§ Action item
In the data below, find every line with the string "Sterling" and pull it out.

§ Records provided
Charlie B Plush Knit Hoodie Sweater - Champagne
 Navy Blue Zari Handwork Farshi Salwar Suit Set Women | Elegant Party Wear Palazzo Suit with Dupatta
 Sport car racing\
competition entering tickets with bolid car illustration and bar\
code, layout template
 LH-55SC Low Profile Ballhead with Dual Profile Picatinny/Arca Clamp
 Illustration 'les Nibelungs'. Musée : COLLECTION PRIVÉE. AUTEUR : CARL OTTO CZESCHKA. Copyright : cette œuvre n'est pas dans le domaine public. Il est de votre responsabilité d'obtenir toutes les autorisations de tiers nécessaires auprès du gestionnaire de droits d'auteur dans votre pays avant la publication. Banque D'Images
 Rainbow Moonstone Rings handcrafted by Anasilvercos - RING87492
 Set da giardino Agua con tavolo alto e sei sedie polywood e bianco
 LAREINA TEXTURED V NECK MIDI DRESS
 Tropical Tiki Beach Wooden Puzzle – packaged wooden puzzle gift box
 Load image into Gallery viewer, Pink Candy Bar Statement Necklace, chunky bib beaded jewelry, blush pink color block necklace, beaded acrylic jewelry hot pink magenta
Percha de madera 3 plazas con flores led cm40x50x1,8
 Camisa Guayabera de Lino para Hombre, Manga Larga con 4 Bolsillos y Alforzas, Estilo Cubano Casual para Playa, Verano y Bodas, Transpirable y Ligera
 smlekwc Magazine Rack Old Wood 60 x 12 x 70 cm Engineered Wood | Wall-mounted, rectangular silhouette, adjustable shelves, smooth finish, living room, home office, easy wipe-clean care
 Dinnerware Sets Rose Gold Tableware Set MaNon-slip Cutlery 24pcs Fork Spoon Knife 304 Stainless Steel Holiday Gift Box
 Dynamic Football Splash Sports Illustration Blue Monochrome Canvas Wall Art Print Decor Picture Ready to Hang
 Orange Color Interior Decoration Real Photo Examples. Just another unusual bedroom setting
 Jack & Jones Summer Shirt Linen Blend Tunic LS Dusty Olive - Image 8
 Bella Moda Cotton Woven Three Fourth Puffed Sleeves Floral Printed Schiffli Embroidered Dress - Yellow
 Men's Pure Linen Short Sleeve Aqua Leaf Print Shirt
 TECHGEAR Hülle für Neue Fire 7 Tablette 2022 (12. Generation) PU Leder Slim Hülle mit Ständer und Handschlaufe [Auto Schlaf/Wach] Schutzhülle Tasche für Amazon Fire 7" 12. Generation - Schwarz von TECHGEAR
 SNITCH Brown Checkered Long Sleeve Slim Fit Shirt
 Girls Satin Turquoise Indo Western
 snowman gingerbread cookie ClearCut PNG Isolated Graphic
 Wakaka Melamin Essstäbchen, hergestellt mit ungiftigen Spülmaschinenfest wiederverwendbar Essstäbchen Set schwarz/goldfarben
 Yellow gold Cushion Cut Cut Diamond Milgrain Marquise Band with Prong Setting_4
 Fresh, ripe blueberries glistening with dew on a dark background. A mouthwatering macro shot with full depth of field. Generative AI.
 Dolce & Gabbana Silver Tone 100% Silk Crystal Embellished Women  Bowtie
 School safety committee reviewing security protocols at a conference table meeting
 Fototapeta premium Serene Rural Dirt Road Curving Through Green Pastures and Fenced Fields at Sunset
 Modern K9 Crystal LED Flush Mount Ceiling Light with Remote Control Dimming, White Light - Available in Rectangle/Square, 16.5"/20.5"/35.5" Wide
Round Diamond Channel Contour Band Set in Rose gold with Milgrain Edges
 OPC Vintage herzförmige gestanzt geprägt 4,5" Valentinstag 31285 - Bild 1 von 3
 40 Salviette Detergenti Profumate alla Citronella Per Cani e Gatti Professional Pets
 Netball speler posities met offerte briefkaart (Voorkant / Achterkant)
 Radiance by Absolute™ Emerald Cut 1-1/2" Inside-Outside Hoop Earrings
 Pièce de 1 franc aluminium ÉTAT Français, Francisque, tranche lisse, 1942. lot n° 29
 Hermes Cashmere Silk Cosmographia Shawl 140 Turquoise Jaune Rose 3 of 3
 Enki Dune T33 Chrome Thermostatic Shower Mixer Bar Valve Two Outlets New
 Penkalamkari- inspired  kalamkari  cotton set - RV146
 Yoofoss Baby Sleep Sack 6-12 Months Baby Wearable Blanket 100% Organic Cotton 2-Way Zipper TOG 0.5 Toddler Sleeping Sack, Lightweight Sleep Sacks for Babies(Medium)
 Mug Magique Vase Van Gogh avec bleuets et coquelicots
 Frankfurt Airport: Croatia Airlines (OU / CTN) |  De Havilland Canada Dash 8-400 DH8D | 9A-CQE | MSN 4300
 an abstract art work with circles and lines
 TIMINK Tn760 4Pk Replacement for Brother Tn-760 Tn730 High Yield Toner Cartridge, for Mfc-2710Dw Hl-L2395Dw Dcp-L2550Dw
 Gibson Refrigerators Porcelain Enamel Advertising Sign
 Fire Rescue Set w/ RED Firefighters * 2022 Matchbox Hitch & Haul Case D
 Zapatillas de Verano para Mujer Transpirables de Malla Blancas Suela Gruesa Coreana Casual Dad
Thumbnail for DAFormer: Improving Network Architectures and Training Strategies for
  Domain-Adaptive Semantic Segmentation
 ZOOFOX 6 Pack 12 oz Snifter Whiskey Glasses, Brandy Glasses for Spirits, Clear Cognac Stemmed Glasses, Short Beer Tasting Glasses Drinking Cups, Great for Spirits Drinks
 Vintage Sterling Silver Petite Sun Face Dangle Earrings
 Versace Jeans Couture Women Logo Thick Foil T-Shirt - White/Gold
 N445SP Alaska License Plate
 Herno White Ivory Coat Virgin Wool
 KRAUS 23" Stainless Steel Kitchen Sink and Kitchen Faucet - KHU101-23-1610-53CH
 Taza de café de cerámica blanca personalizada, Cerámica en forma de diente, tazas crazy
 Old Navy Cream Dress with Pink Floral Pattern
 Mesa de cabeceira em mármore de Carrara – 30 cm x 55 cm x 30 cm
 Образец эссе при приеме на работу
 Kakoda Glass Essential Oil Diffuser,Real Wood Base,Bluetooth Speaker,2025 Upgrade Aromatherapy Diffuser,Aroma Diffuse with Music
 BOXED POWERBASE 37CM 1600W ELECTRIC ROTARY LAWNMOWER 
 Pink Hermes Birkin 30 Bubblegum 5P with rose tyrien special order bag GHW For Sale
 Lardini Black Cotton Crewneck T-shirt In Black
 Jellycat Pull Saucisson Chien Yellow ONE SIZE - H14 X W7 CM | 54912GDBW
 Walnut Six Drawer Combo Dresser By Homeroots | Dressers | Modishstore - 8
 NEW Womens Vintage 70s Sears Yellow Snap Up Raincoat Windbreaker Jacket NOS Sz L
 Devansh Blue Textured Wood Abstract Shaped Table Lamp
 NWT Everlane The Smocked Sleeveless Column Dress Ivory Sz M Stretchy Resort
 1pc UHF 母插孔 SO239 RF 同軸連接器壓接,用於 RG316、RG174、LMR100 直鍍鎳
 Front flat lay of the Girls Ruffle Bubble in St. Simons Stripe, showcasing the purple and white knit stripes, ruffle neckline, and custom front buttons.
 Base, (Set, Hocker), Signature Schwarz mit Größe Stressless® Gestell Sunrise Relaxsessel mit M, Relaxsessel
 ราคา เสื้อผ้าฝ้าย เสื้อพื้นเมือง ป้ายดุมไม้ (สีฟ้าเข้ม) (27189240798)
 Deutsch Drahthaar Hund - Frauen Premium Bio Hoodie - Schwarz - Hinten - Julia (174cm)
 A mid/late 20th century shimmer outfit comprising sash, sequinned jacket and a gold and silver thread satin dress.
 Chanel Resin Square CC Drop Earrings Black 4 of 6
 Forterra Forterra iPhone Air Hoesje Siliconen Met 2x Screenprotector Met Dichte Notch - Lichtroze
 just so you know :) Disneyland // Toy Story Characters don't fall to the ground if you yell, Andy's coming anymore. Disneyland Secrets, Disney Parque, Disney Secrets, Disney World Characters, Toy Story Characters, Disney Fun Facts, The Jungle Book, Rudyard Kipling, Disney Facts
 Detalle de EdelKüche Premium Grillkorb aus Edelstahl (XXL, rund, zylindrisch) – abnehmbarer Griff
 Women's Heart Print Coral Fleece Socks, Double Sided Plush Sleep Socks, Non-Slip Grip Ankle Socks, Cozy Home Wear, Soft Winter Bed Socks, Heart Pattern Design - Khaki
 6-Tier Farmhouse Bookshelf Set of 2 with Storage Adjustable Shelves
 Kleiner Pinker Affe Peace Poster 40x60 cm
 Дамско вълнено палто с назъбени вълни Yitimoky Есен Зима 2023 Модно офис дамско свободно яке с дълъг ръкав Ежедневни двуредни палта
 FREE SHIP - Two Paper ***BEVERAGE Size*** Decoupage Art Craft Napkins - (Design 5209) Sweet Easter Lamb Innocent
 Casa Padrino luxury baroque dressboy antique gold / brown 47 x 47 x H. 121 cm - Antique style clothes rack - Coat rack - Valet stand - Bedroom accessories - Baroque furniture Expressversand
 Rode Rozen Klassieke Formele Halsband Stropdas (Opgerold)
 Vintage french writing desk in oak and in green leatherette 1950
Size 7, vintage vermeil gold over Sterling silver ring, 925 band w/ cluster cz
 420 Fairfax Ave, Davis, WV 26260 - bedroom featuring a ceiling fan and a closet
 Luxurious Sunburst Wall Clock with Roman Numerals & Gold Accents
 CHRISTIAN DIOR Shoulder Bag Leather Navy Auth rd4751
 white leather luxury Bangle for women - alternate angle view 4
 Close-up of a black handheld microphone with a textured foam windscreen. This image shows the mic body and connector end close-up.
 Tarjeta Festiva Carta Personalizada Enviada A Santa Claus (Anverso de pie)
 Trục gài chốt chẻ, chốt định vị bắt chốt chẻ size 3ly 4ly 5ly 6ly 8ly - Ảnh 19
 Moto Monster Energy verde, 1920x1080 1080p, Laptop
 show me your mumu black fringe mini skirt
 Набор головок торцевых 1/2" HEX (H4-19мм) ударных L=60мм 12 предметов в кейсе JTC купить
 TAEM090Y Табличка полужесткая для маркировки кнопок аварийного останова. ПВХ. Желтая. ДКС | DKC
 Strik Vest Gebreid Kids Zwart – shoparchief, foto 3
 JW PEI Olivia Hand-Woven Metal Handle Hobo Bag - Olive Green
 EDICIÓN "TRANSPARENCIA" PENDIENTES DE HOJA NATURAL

§ Task output
 Vintage Sterling Silver Petite Sun Face Dangle Earrings
Size 7, vintage vermeil gold over Sterling silver ring, 925 band w/ cluster cz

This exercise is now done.